-- Dataset records follows --

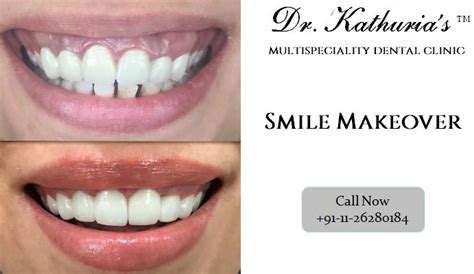 Smile Makeover In An Hour at Delhi, India | Smile makeover, Dental ...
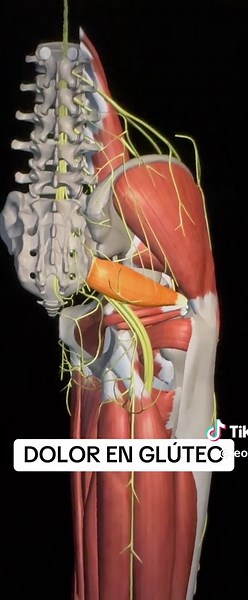 Síndrome del Piramidal: Causas y Tratamientos del Dolor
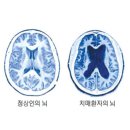 한국디비티센터(DBTCenterofKorea) | 뇌, 안녕들 하십니까..세계는 지금 치매와의 전쟁 중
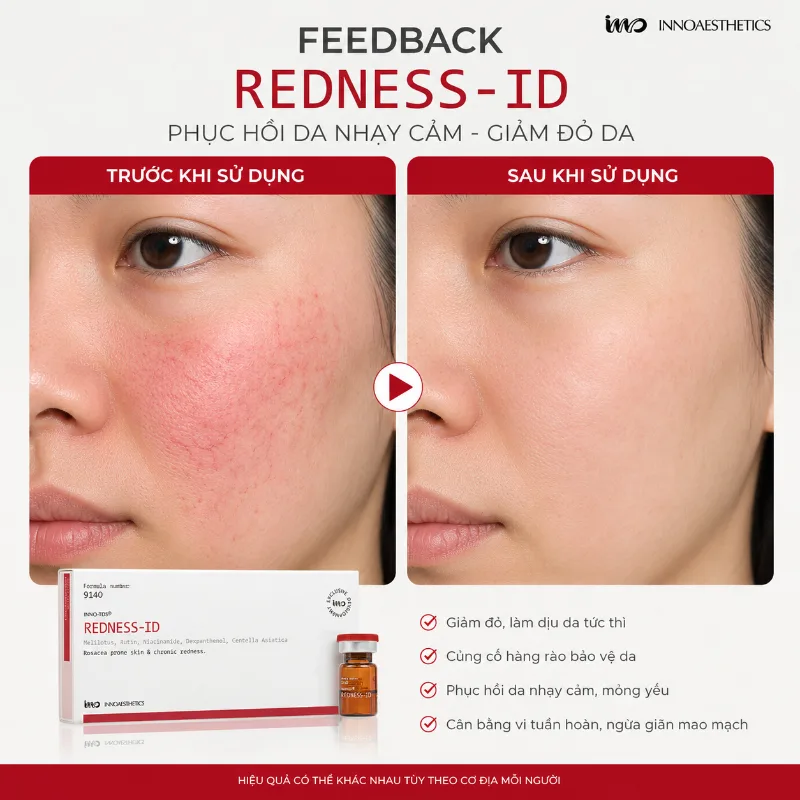 Meso Innoaesthetics REDNESS-ID 6.webp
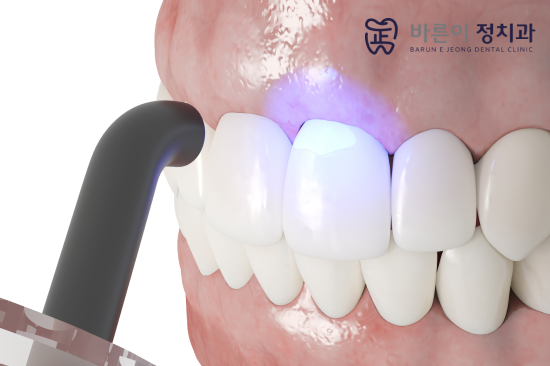 일반 레진 치료와의 차이점 관련 이미지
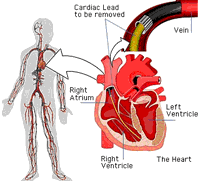 Lead Extraction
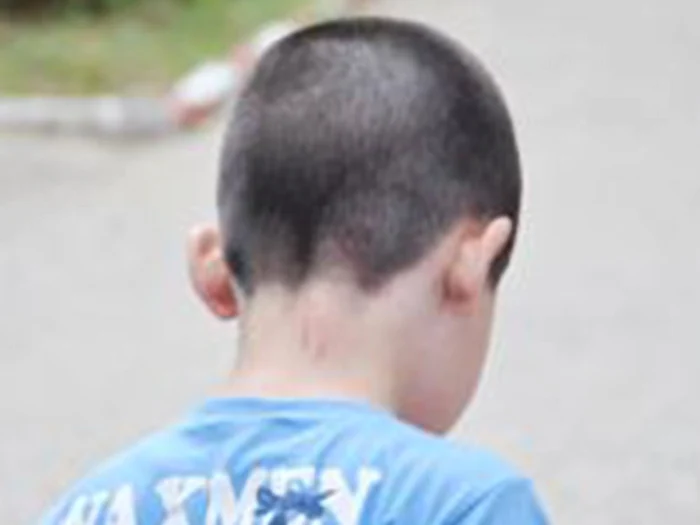 Copilul bătut nu poate vorbi FOTO arhiva Adevărul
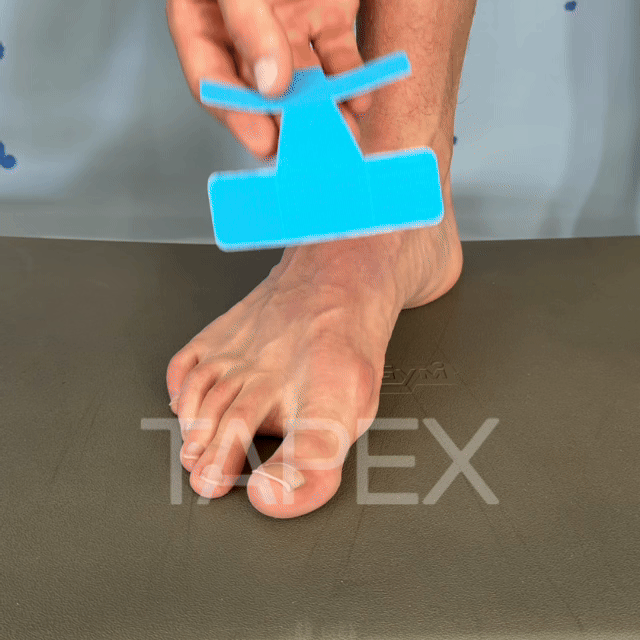 TAPEX™ - Hallux-Valgus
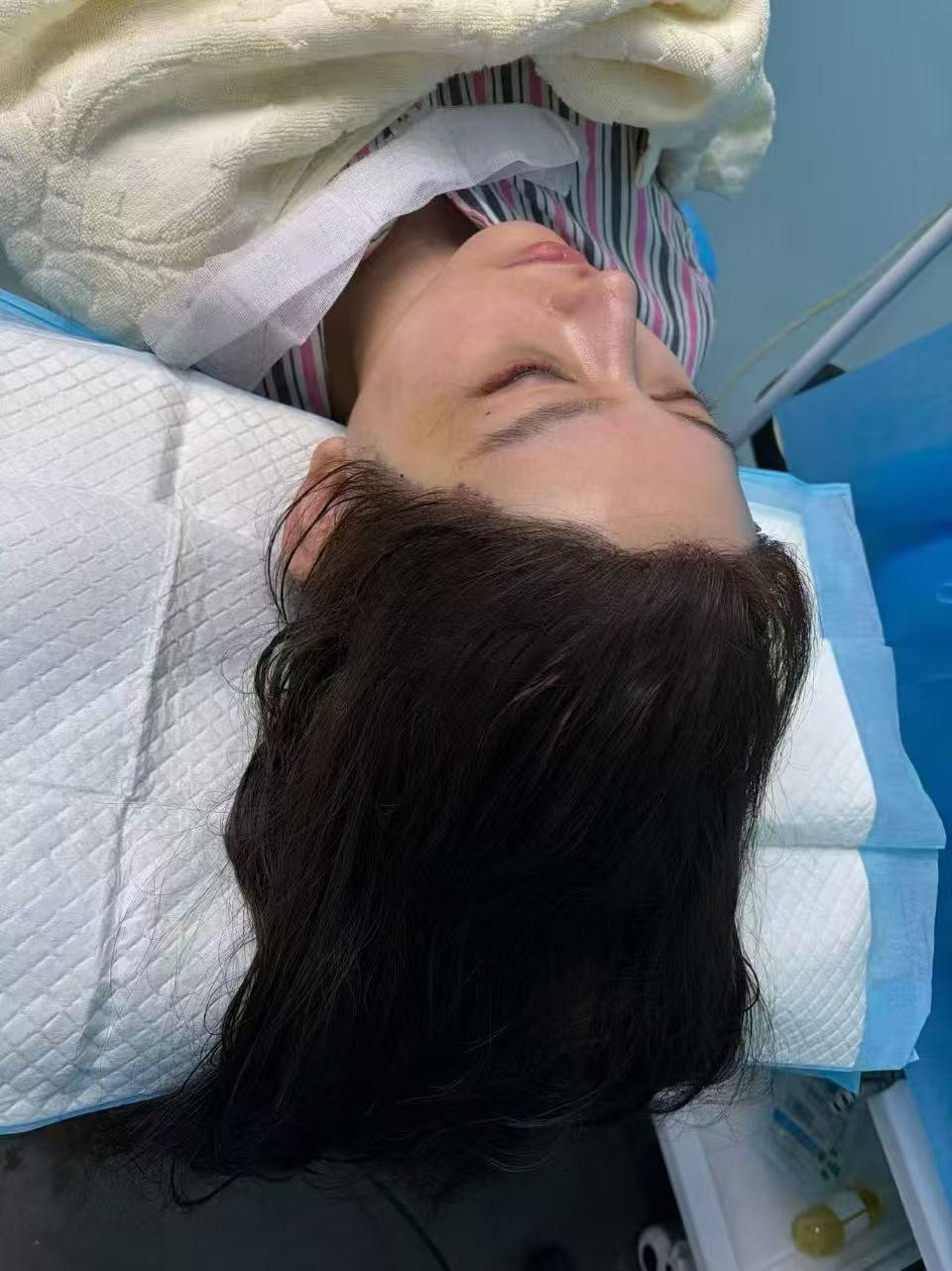 Client 1 after, first hairline view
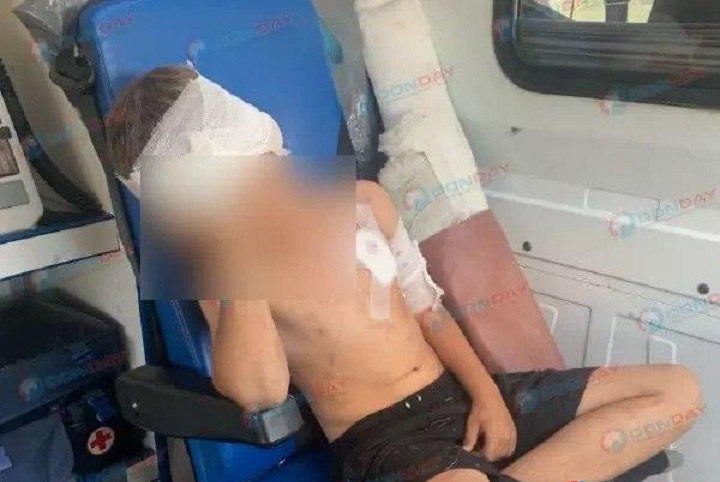 Волк покусал 8 летнего мальчика в Ростовской области В Гукове 8 летний мальчик стал жертвой нападения волка Как сообщили в ГУ МВД Ростовской области ребёнок получил множественные раны По информации полицейских инцидент произошёл дома у одной из его одноклассниц Туда компания школьников отправилась чтобы посмотреть на волка которого семья держала в вольере Когда дети подошли к клетке девочка открыла её В тот момент животное и набросилось на мальчика ростов новостировстова ростовскаяобласть Подпишись на donnewsru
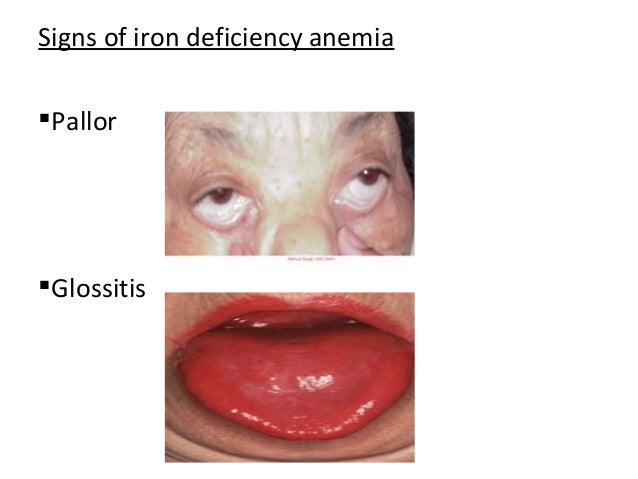 What are some signs of iron deficiency?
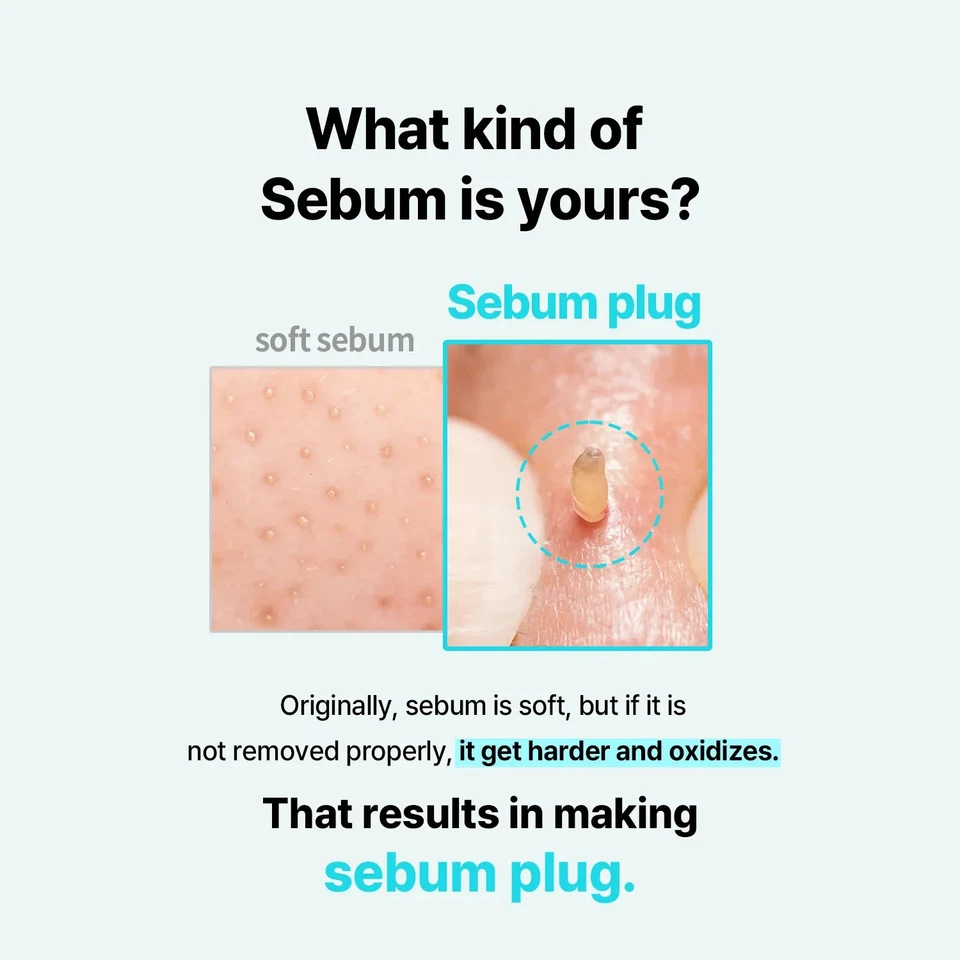 ILSO Super Melting SEBUM Softener to MINIMIZE SEBUM & BLACKHEADS 150毫升 - KBEAUTY — 第 2/4 张图片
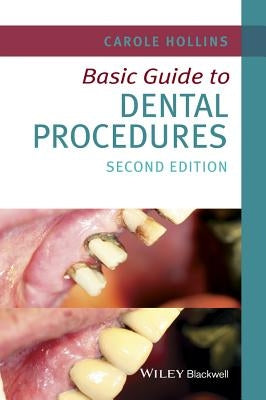 Basic Guide to Dental Procedures 2e by Hollins, Carole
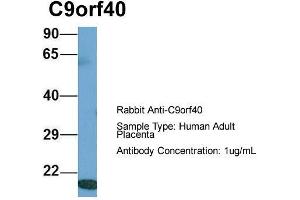 Host: Rabbit  Target Name: C9orf40  Sample Tissue: Human Adult Placenta  Antibody Dilution: 1. (C9orf40 anticorps  (Middle Region))
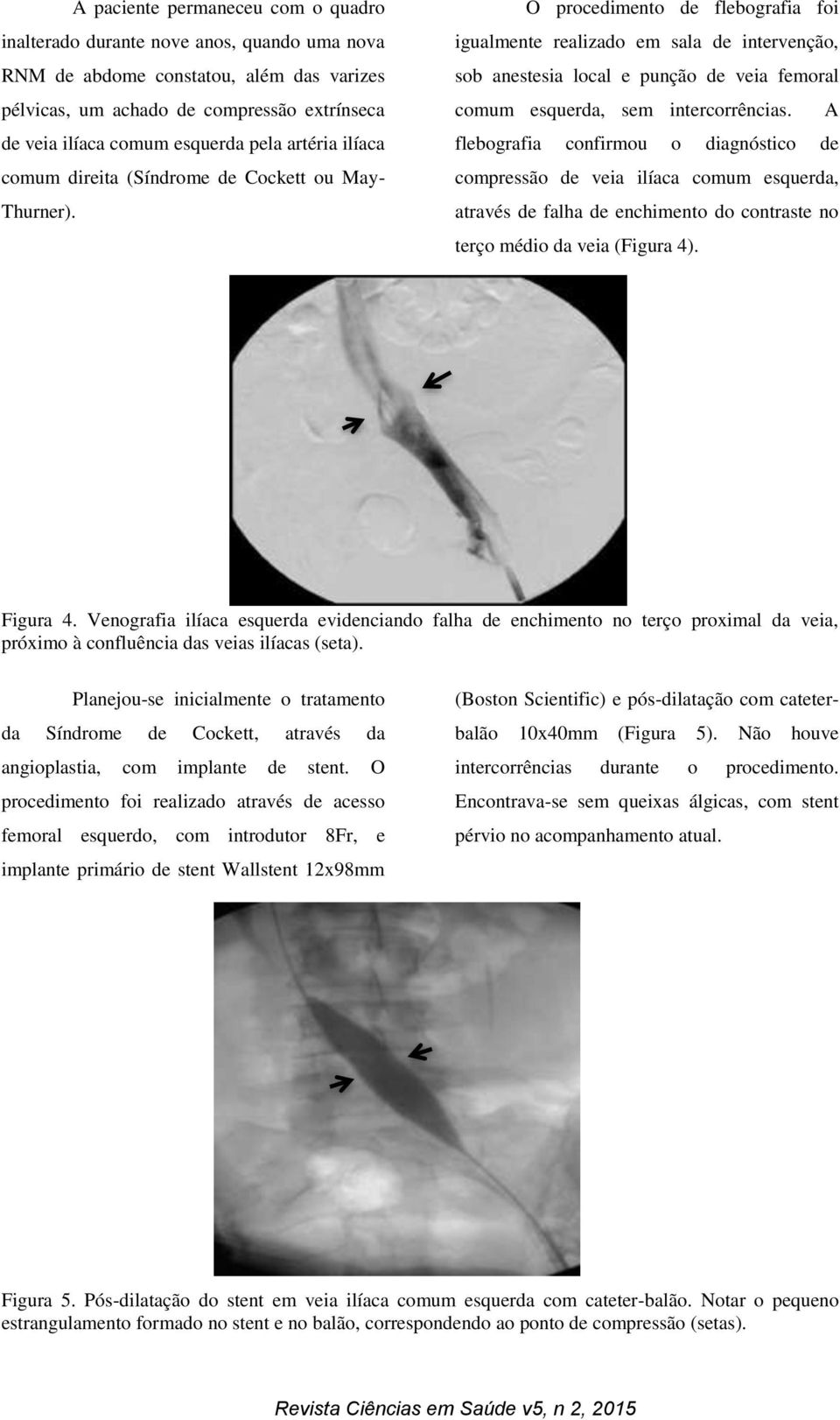 O procedimento de flebografia foi igualmente realizado em sala de intervenção, sob anestesia local e punção de veia femoral comum esquerda, sem intercorrências.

-- Dataset records concluded --

Task to carry out
From the records above, write out exactly the lines that begin at the line with "Client 1 after, first hairline view" and end at the line with "Basic Guide to". Pictures must not appear in the output.

Written solution
 Client 1 after, first hairline view
 Волк покусал 8 летнего мальчика в Ростовской области В Гукове 8 летний мальчик стал жертвой нападения волка Как сообщили в ГУ МВД Ростовской области ребёнок получил множественные раны По информации полицейских инцидент произошёл дома у одной из его одноклассниц Туда компания школьников отправилась чтобы посмотреть на волка которого семья держала в вольере Когда дети подошли к клетке девочка открыла её В тот момент животное и набросилось на мальчика ростов новостировстова ростовскаяобласть Подпишись на donnewsru
 What are some signs of iron deficiency?
 ILSO Super Melting SEBUM Softener to MINIMIZE SEBUM & BLACKHEADS 150毫升 - KBEAUTY — 第 2/4 张图片
 Basic Guide to Dental Procedures 2e by Hollins, Carole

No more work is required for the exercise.